The two nations appear to have buried differences that led to a huge supply surplus, delegates said. The rapprochement came just before the extraordinary virtual meeting of Opec and its allies kicked off.

It's however still unclear how some of the obstacles will be cleared. Saudi Arabia was pushing for any supply curbs to be measured against a higher baseline - its April production of above 12 million barrels a day, delegates said earlier. At the same time, Russia showed no sign of weakening its insistence that a deal was only possible if the US cuts output too.

Oil surged as much as 11 per cent.

Moscow, whose grudge against US shale could still arguably prevent a final deal, said Wednesday it's willing to reduce output by 1.6 million barrels a day, or roughly 15 per cent. Saudi Arabia was also discussing a cut of 15 per cent to 17 per cent on Thursday, delegates said, asking not to be identified because the talks were private.
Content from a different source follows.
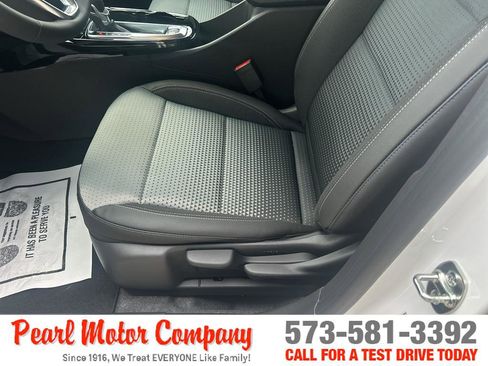 New 2026 Chevrolet Trax LT w/ LT Convenience Package FWD image 10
However, the two sides were still disagreeing over the baseline for those reductions, the delegates said. It's a debate that could make a huge difference to the size of the production cut. As the Saudis have pushed for their contribution to be measured against current record output, Russia has favoured using an average of the first quarter, when the kingdom pumped about 9.8 million barrels a day.

At stake is the fate of entire oil-dependent economies, thousands of companies and millions of oil industry jobs as the Opec+ coalition and Group of 20 energy ministers gather in two key video conferences this week. Crude futures have plunged to the lowest levels in almost two decades as the lockdowns around the world slash oil demand by as much as 70 per cent in some places and Russia and Saudi Arabia battle for their share of a shrinking market.